Aim of the task
Where the records below reach the line containing "143 Malpas Street, Guyra NSW 2365", start transcribing, and end with the line containing "Kiara Advani sports", exactly and with nothing else added.

Exercise data
= = =
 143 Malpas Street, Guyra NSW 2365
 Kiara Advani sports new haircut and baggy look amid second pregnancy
= = =
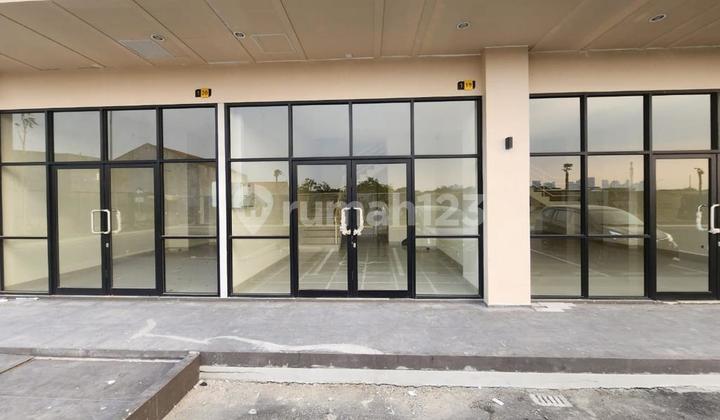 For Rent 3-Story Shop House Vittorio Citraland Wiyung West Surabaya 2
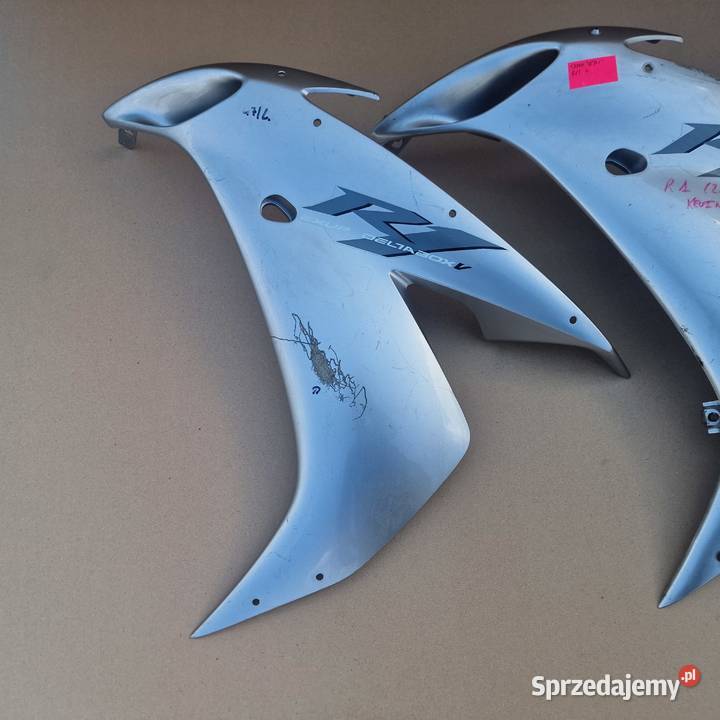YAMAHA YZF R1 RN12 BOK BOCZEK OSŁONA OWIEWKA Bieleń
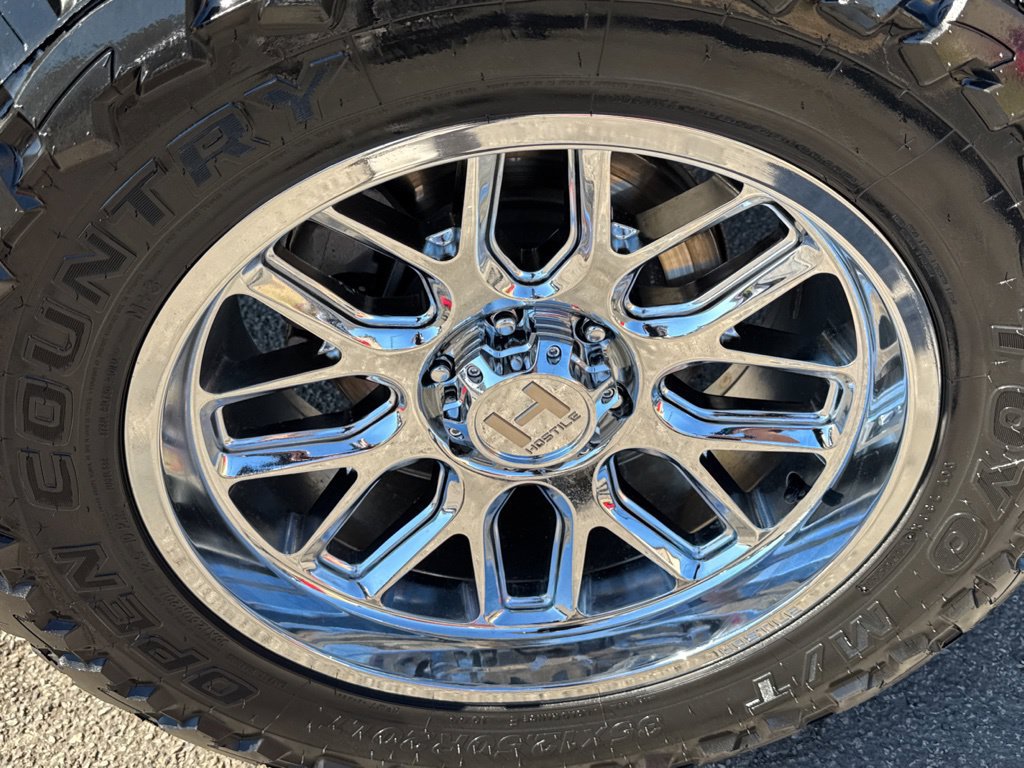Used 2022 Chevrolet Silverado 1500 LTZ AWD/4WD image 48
= = =
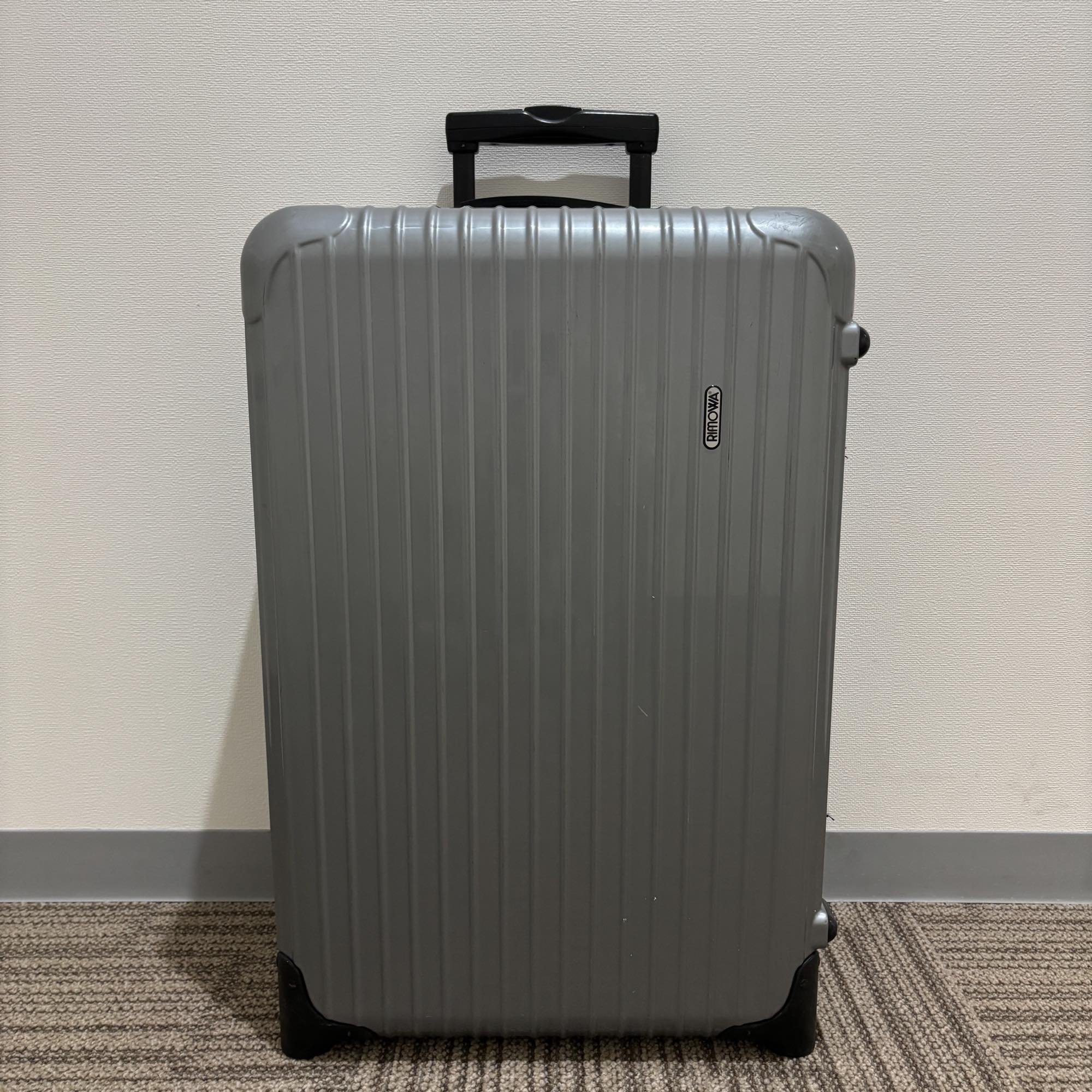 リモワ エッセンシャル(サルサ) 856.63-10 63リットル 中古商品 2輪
= = =
Your solution
 143 Malpas Street, Guyra NSW 2365
 Kiara Advani sports new haircut and baggy look amid second pregnancy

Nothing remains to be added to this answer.